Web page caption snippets
----

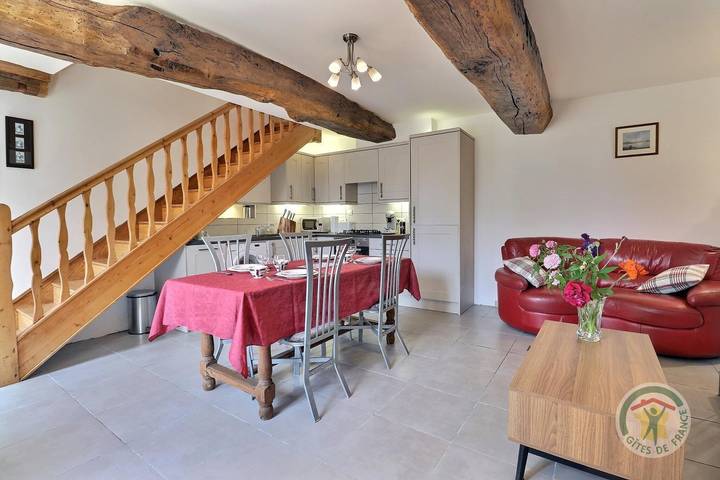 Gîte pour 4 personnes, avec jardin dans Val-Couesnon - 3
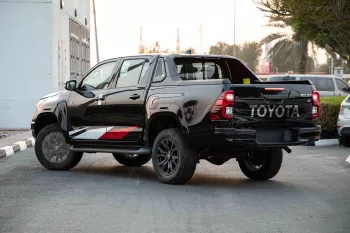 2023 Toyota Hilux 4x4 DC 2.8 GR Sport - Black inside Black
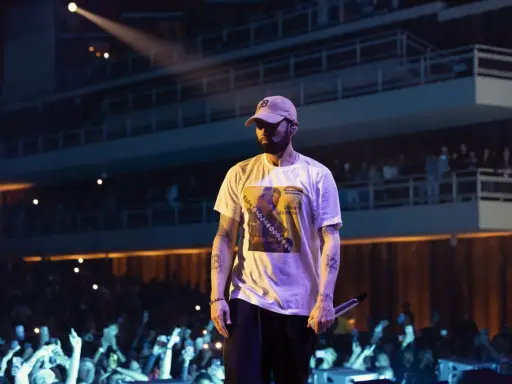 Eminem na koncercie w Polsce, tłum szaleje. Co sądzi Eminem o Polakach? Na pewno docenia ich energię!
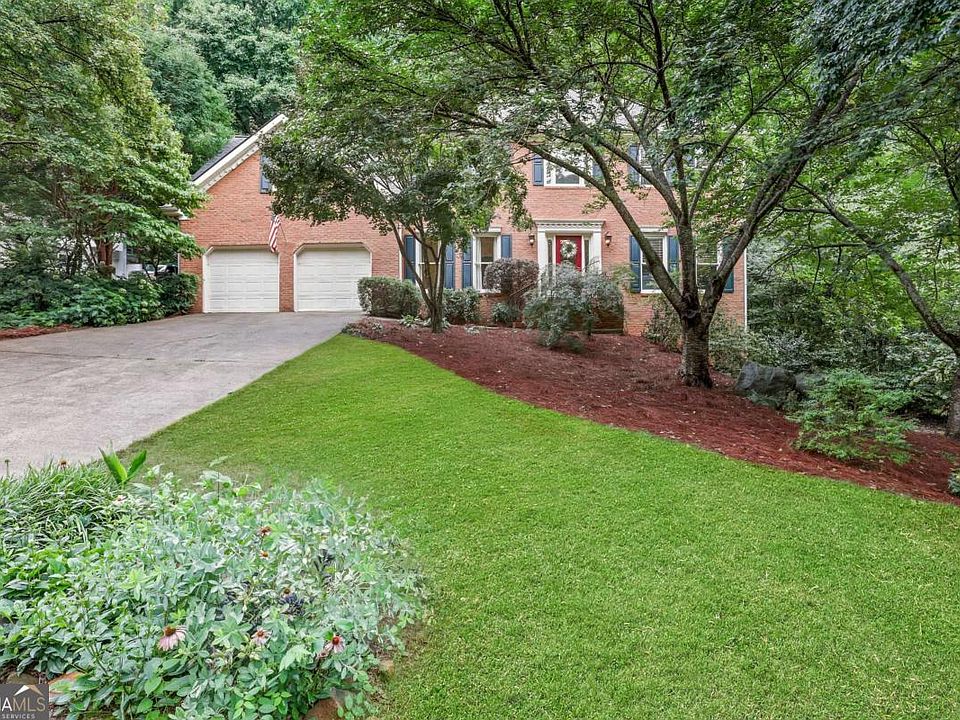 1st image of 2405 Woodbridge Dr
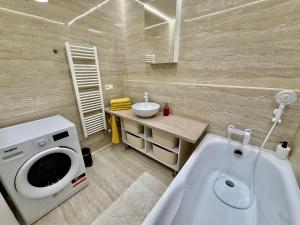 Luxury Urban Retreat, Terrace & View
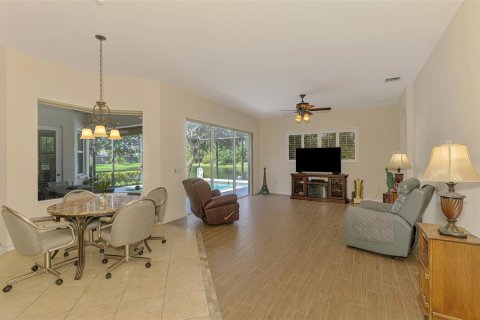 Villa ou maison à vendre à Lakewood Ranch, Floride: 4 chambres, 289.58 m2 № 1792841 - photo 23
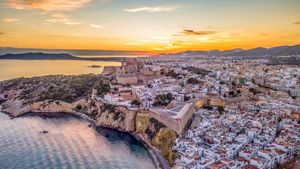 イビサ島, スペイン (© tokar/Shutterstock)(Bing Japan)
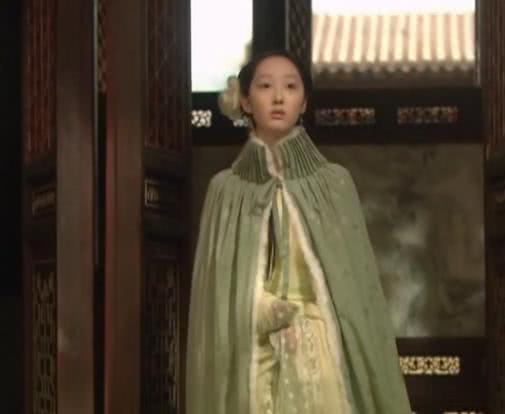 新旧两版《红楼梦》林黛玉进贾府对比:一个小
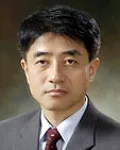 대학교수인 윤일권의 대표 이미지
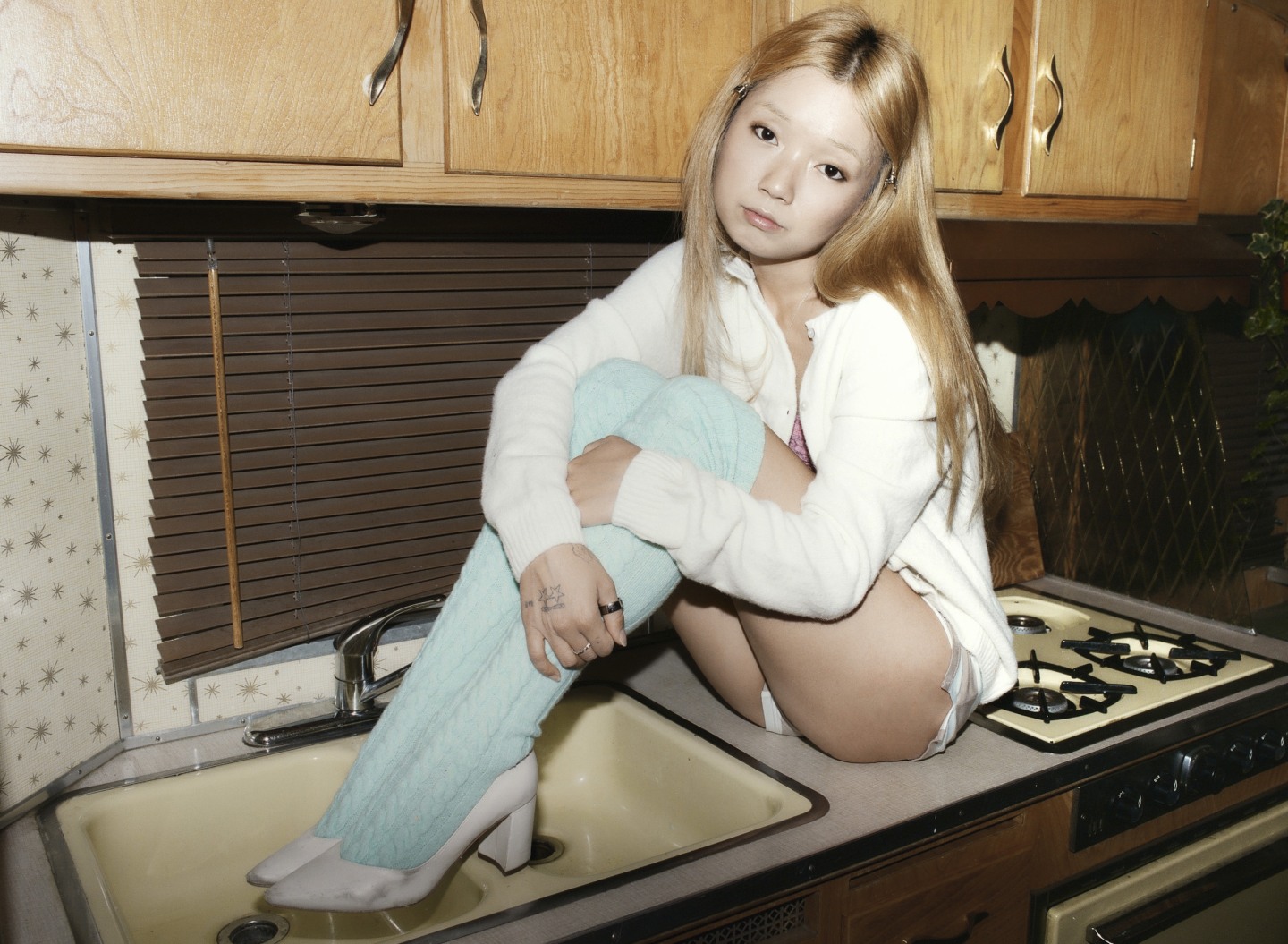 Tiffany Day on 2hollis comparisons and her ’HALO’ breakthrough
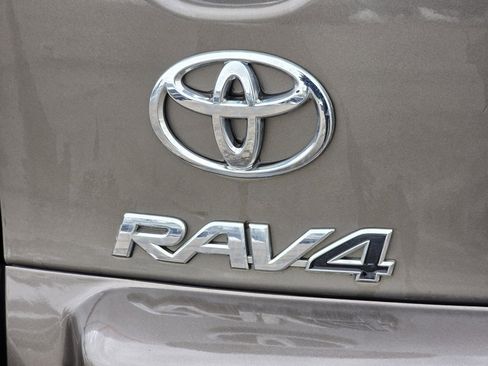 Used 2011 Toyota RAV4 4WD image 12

----

## Work item
Once the pictures are removed, print all the remaining data exactly as it stands.

## Answer box
 Gîte pour 4 personnes, avec jardin dans Val-Couesnon - 3
 2023 Toyota Hilux 4x4 DC 2.8 GR Sport - Black inside Black
 Eminem na koncercie w Polsce, tłum szaleje. Co sądzi Eminem o Polakach? Na pewno docenia ich energię!
 1st image of 2405 Woodbridge Dr
 Luxury Urban Retreat, Terrace & View
 Villa ou maison à vendre à Lakewood Ranch, Floride: 4 chambres, 289.58 m2 № 1792841 - photo 23
 イビサ島, スペイン (© tokar/Shutterstock)(Bing Japan)
 新旧两版《红楼梦》林黛玉进贾府对比:一个小
 대학교수인 윤일권의 대표 이미지
 Tiffany Day on 2hollis comparisons and her ’HALO’ breakthrough
 Used 2011 Toyota RAV4 4WD image 12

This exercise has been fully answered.